Voice and persona are the biggest blind spot.
Academic work systematically measures engagement markers and metadiscourse. But public guides barely touch persona — the specific ways AI voice differs from human voice. How it hedges, how it fails to commit, how it never sounds genuinely uncertain. These are among the strongest tells, and almost nobody writes about them in a way practitioners can use.
What nobody has built
The audit surfaced five gaps — not minor holes, but structural absences in the landscape.
A single, multi-level taxonomy
No public resource spans vocabulary, syntax, paragraph structure, rhythm, rhetoric, persona, citation artifacts, and model-specific patterns in one navigable place. Wikipedia is qualitative and platform-specific. GPTZero is lexical only. Academic papers are feature-centric. You’d need to read all eight resources to assemble a complete picture — and even then, they use different frameworks and different terminology.
A cross-model, cross-era view
Nobody lets you see how a specific pattern behaves across models and time. Does "delve" decay over GPT versions? Is copula avoidance universal or GPT-specific? Which structural habits are GPT-4o-only? The fragments exist in papers and monthly vocabulary updates, but they’re scattered across sources and not normalized to anything queryable.
A catalog of human countersigns
Every resource focuses on AI tells. None of them systematically catalog what makes writing distinctively human: idiosyncratic metaphors, genuine self-doubt, unpolished narrative structures, localized slang, register shifts that happen mid-paragraph. Knowing what AI doesn’t do is just as valuable as knowing what it does — but nobody has built the paired catalog.
Pattern bundles that travel together
Current catalogs treat every pattern as an independent feature. But in practice, AI patterns travel in packs.
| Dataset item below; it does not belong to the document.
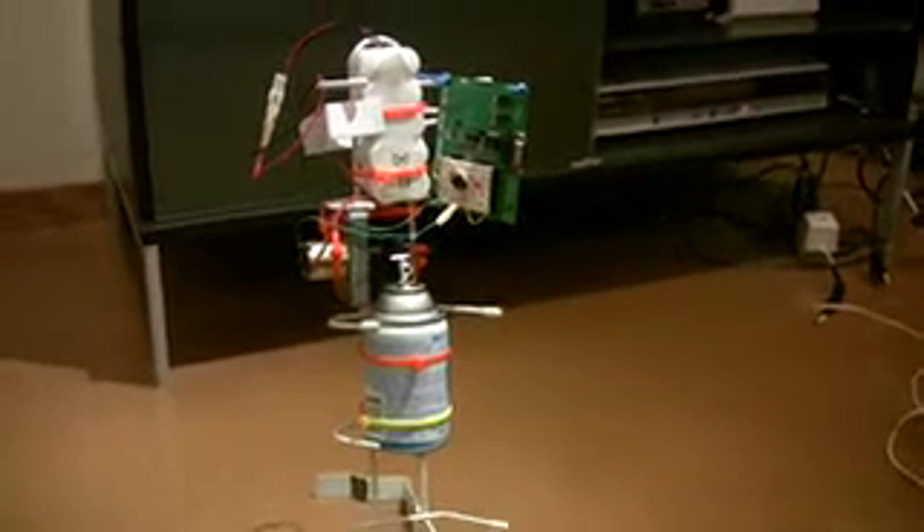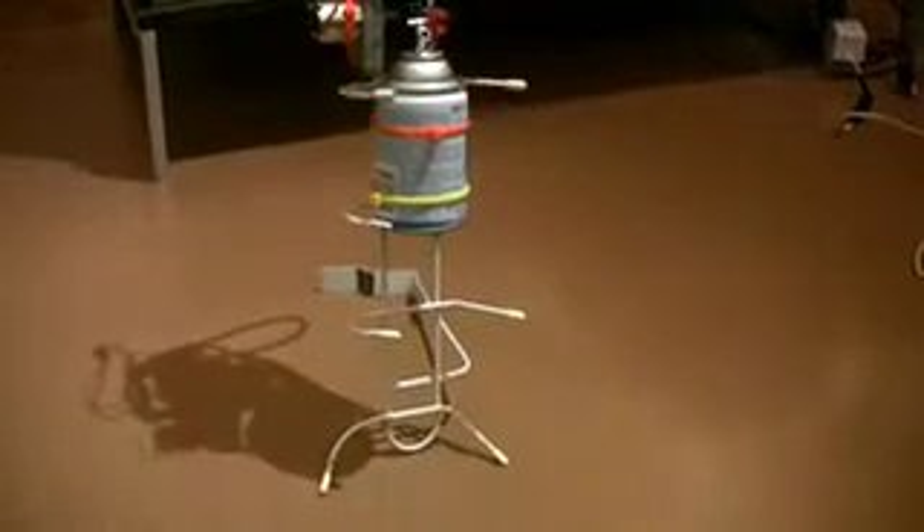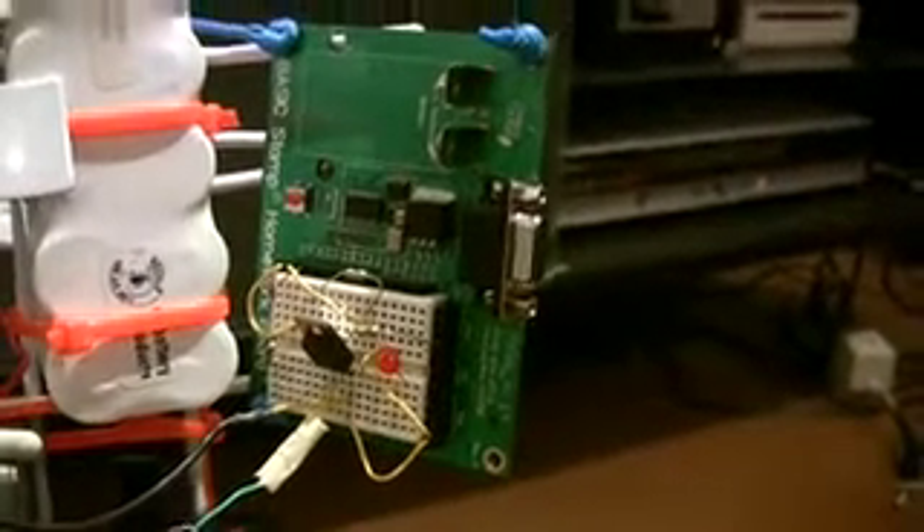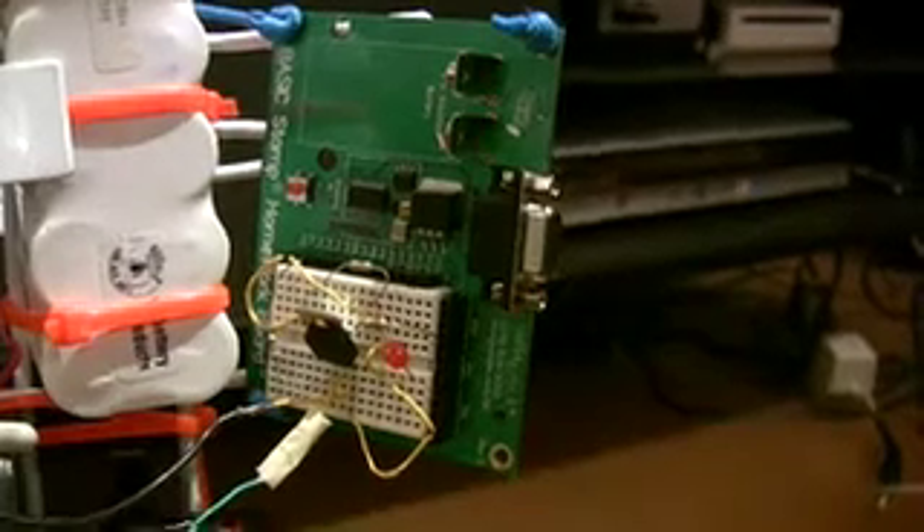This is the automatic air freshener fashioned from a hanging closet device, with a small canister of air freshener and a programmable board that runs an LED light on and off every 5 seconds.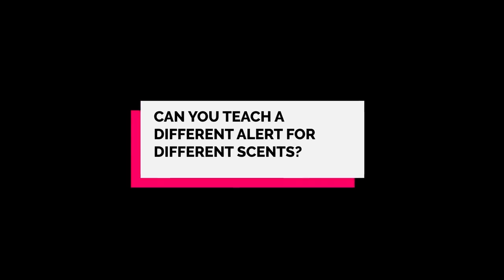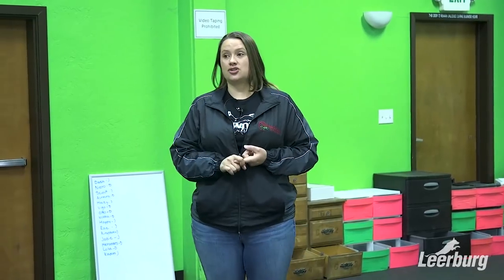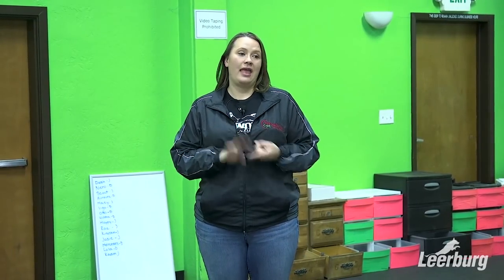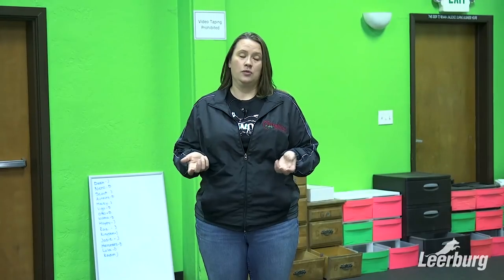An interesting question I get every time: can you teach a dog to alert on a different scent in a different way? The answer is yes. We talked about handler discrimination where dogs find the handler's odor on an article or wooden mondio ring. For other obedience-style scenting detection, there's a retrieve portion. If you have very clear pictures and very clear differences, dogs can absolutely learn to detect different things and have different alerts for them.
An AI Wikipedia stub about a small town combines promotional tone, significance puffery, rule-of-three descriptions, and copula avoidance — all at once. Nobody models these co-occurring bundles with examples and counterexamples.
Something you can actually query
None of these resources let you filter by pattern type, model, year, genre, or language. None of them link patterns to specific transformations ("here’s how to fix this"). None expose an API. The Humanizer skill gets closest — it embodies patterns as edit rules — but it’s anchored to Wikipedia-derived patterns only and isn’t structured for browsing.
The short version
The landscape has plenty of word lists and plenty of academic features. What it doesn’t have is a public, model-aware, multi-level pattern library that spans vocabulary through document structure, comes with numbers, and is built for the people who actually need it — writers and editors, not researchers.
That’s the gap WROITER is built to fill.